A lot has changed for Statoil in the past four years. In 2010, the company had two core exploration areas (the Norwegian Continental Shelf and the US Gulf of Mexico), said Jez Averty, Senior Vice President of Exploration for Statoil, North America. Now the company has six: the Norwegian Continental Shelf, US Gulf of Mexico, Brazil, Angola, Tanzania, and now east coast Canada.
Averty touted the Norwegian explorer’s recent success exploration success. “We have discovered, through the drill bit, more than 3.9 billion boe net to Statoil. That’s a billion barrels a year,” he said.
“Nobody found more conventional hydrocarbons than Statoil in 2013,” Averty said. “It’s a good time to be working in exploration in Statoil.”

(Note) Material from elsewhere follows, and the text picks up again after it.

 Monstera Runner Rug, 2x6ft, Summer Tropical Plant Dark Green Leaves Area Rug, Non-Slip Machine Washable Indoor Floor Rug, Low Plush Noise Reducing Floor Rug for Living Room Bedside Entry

Statoil is betting that its east coast Canada portfolio, where the “ground-breaking” discovery Bay du Nord was made in 2013, will pay big dividends. Bay du Nord is inside the Flemish Pass basin, off Newfoundland, Canada, and is located southwest of discovery areas Harpoon and Mizzen, and just north of the oil-producing Jeanne D’Arc basin. According to IHS data, Bay du Nord was the largest conventional oil discovery by volume of 2013 at 400MMbbl. Statoil estimates that Bay du Nord holds 300-600MMbbl of recoverable oil equivalents. “We believe there’s more to come,” Averty said. “A lot more.”
Offshore Newfoundland and Labrador contains an estimated 6 billion bbl of oil and 60Tcf of natural gas (See “Global exploration prospects: 2014 and beyond” from OE Jan 2014).
Last June, Statoil announced a light, high-quality oil discovery at its Harpoon prospect (EL 1112), located 500km northeast of St. John's and about 10 km southeast of Statoil's Mizzen discovery. The West Aquarius drilled the Harpoon prospect in approximately 1100m of water. Discovered in 2010, the Mizzen discovery is estimated to hold between 100-200MMbo, and was drilled by the semisub Henry Goodrich in 2009.
Statoil operates Bay du Nord and Harpoon with a 65% interest. Its partner Husky Energy holds the remaining 35% stake. Canada’s Husky also operates the White Rose field and its three satellite developments in the Jeanne d’Arc Basin, approximately 350km (210 mi.) east of St John’s. Jeanne d’Arc Basin is home to three major oil projects off the Newfoundland coast: White Rose, Hibernia and Terra Nova.
Statoil is very excited about what the future of the Flemish Pass will bring. Along with Harpoon and Mizzen, Statoil has proven half a billion of oil recoverable in the Flemish Pass, Averty said.
“We have identified multiple opportunities, similar-sized structures to Bay Du Nord,” he said. “Some we believe will have impact potential.”
Averty says Statoil’s future plans include firming up values and volumes of Bay du Nord, and proving additional resources. The company will do this by shooting 3D seismic in the Bay du Nord area this spring. In addition, Statoil will also move the Seadrill West Hercules from Norway’s Barents Sea to east coast Canada to begin an 18-month program commencing in either 3Q or 4Q 2014.
“Bay du Nord and its associated prospects represent high value barrels,” Avery said. “The water depth is moderate (1100m), the reservoir quality is good, the oil quality is good, and the development of production technologies are largely proven.” The oil at Bay du Nord is a light crude with 34°API.
The next move for Statoil is to agree on a development plan. Averty said the company has assembled a multi-disciplinary task force to assess the feasibility of a Bay du Nord development. Part of that task force’s assignment is to identify prospects further to the north, and push the play into the northeast, and into deep water, he said.